I've long heard stories from travelers who've stared straight into a baby gray whale's eye. The mere proximity to such massive newborns in their natural setting inspires a sort of babbling awe. Friends call the experience “transformational” and “life changing.”


MARIBETH MELLIN
Travelers reach out to gray whales in Laguna San Ignacio on the southern Pacific coast in Baja. March is the best time to see baby whales.
Frankly, I wasn't sure I'd be as overwhelmingly impressed.

After all, I've snorkeled with dolphins, sea lions and whale sharks in wild seas. The thought of petting a whale while floating around a lagoon with boatloads of fellow adventurers seemed downright tame.

I was right and wrong. Mighty cetaceans are but a small part of the overall whale-watching experience at Laguna San Ignacio on southern Baja's rugged Pacific coast. During a three-night tour with San-Diego based Baja Expeditions last March (the prime time to play with baby whales), I was blown away by our campground's setting – stark and bleak as a moonscape with white and green tents flapping in chilly winds. Planets and stars glistened in black midnight skies. Beaches littered with driftwood, rocks and whale skeletons had a desolate beauty.

INFORMATION

Baja Expeditions: (858) 581-3311 or bajaex.com

Baja School Friends: E-mail Dick White at papaorbear@sbcglobal.net

Solar-heated showers, amazingly aroma-free outhouses and abundant hearty meals and chilled beer made the camp far less Spartan than it first appeared. Our group of 19, ages 8 to 80 (more or less), bonded at long communal dining tables in the main tent, where local naturalists, artists and an amazing fisherwoman described whale behavior and their community's lifestyle.

It's hard to believe people actually live at the edge of one of Baja's most remote lagoons. But Laguna San Ignacio's 300 or so year-round residents have established a community rich in tradition and hardscrabble self-sufficiency. Families live in modest cement block homes surrounded by ghostly mounds of sun-bleached white clamshells. Most rely on fishing or whale-watching tourism for their income, casting their nets for lobster in summer and piloting skiff-loads of foreigners from December to March.

They hoard fresh water in tanks and barrels and rely on the brisk winds to stir up electric currents. Yet the schools have credentialed teachers, computers and abundant learning tools and supplies. Thanks to a small group called Baja School Friends, classroom shelves are stacked high with crayons, notebooks, flash cards and microscopes.

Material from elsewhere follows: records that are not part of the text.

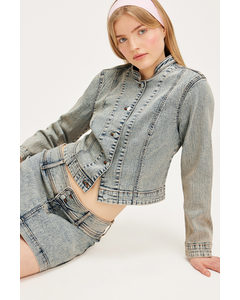 Cropped Stretchy Denim Jacket Blue With Beige Tint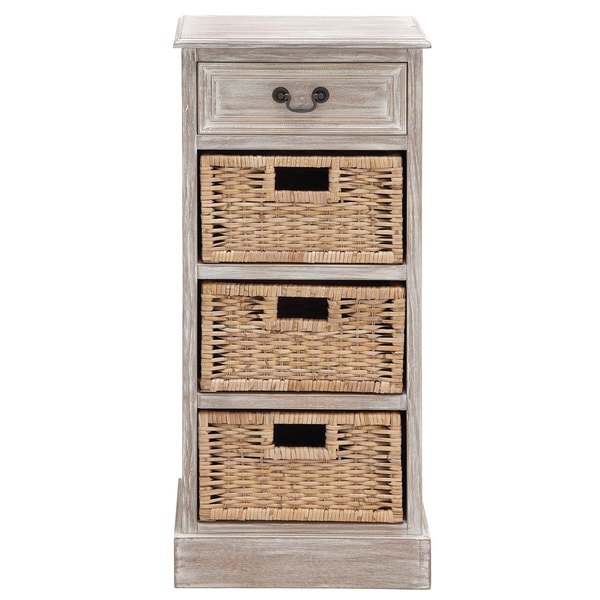 Shop Wooden Light Brown 36inch 3basket Storage Free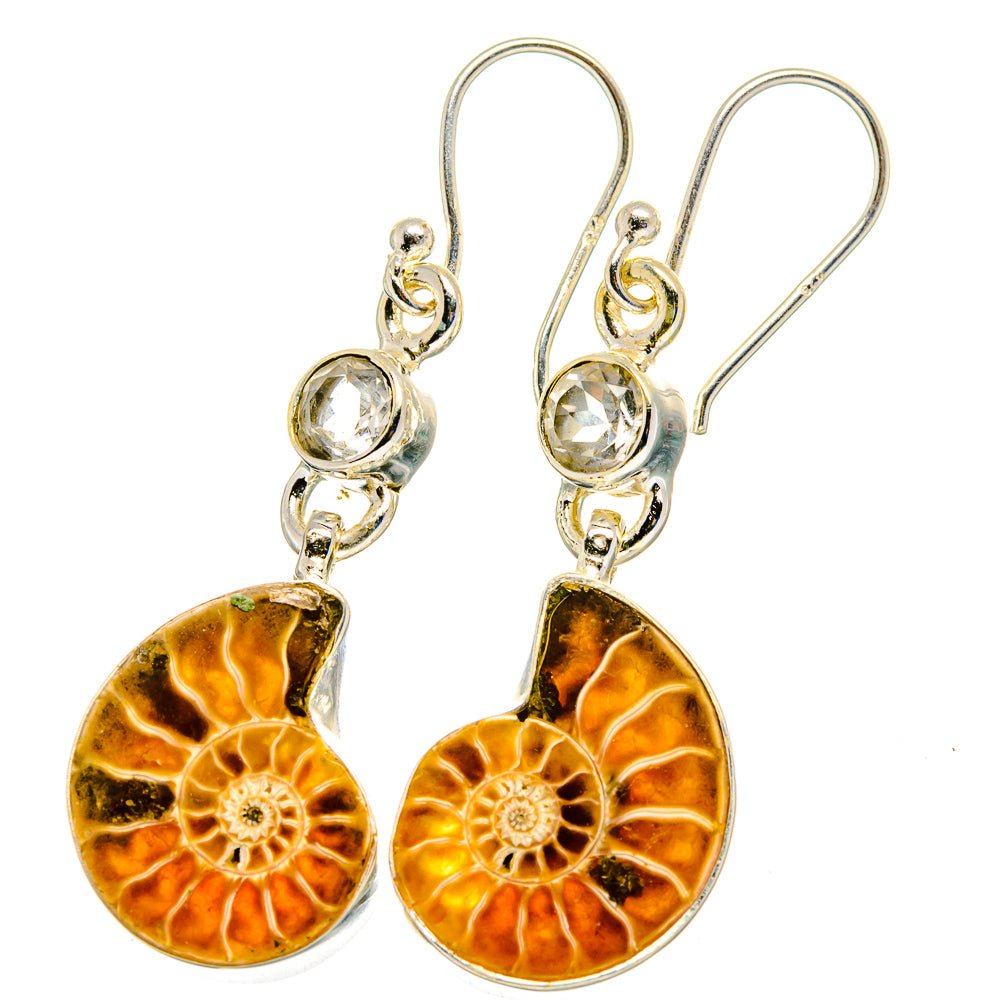Ammonite Fossil Earrings handcrafted by Anasilvercos - EARR422485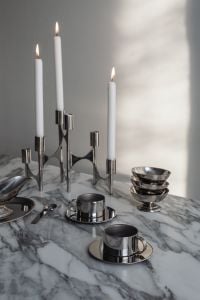 Kaboompics - Chrome Candelabra and Chrome Coffee Cups on Arabescato Marble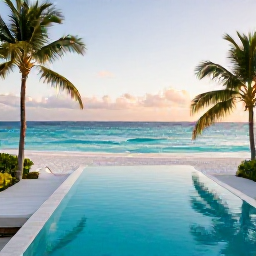 Caribbean Holidays, Luxury Caribbean Honeymoons, A luxurious beachfront suite overlooking turquoise Caribbean sea, private plunge pool, white sand beach and palm trees at golden hour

I visited the school with a group of benefactors during my expedition. Dozens of shyly grinning children wearing matching green sweat shirts with the white Baja Friends logo greeted us with crayoned whale pictures. Dick White, who founded the group in 2001 during a whale-watching trip, rushed about making sure all classrooms had sufficient supplies. Other Baja Friends contributors, who'd never even been to Laguna San Ignacio, went misty-eyed as they accepted drawings from the kids and exchanged Spanish and English chatter.

Our visit ended far too quickly – the whales were calling. We rushed back to camp for a quick family-style lunch and then boarded our assigned skiffs for the afternoon lagoon tour.

Maybe this time I'd actually touch a baby whale, I thought yet again. During our three-night expedition nearly everyone in our group had gotten close and personal with a whale at least once. Anytime someone yelled “Whale!” it seemed our skiffs would surely overturn as everyone rushed to get close to a curious baby. I always seemed to be on the wrong side of a precariously tilting boat.

Gray whales the size of buses were extraordinarily friendly and seemed to be clowning around as they nudged the boats and blew geysers from their spouts, drenching outstretched arms. Typically, a 16-foot-long baby surfaced beside the boat, followed closely by its 40-ton mother. Both floated close enough to the boat for humans to rub their barnacled sides and even stretch out to kiss their skin. Sometimes the whales suddenly disappeared, only to reappear on the other side of the boat just as I'd made it through the jumble of bodies and arms on the first side.

Finally, when the cry arose, my fellow passengers pushed me to the boat's edge and held onto my ankles as I reached toward a gray mass beneath the water's surface. Suddenly, a huge mouth filled with what looked like sharp tiny teeth opened around my hand. I'm not sure exactly what I yelled at the moment, but I was quickly corrected by whale pros saying I'd encountered the whale's baleen. Whatever. I jerked my hand back, then reached out and stroked the baby's face. Like countless whale-watchers before me, I could swear it communicated a friendly greeting. Just like the young schoolchildren excited to meet friendly strangers, the whales seemed to thoroughly enjoy their human encounters.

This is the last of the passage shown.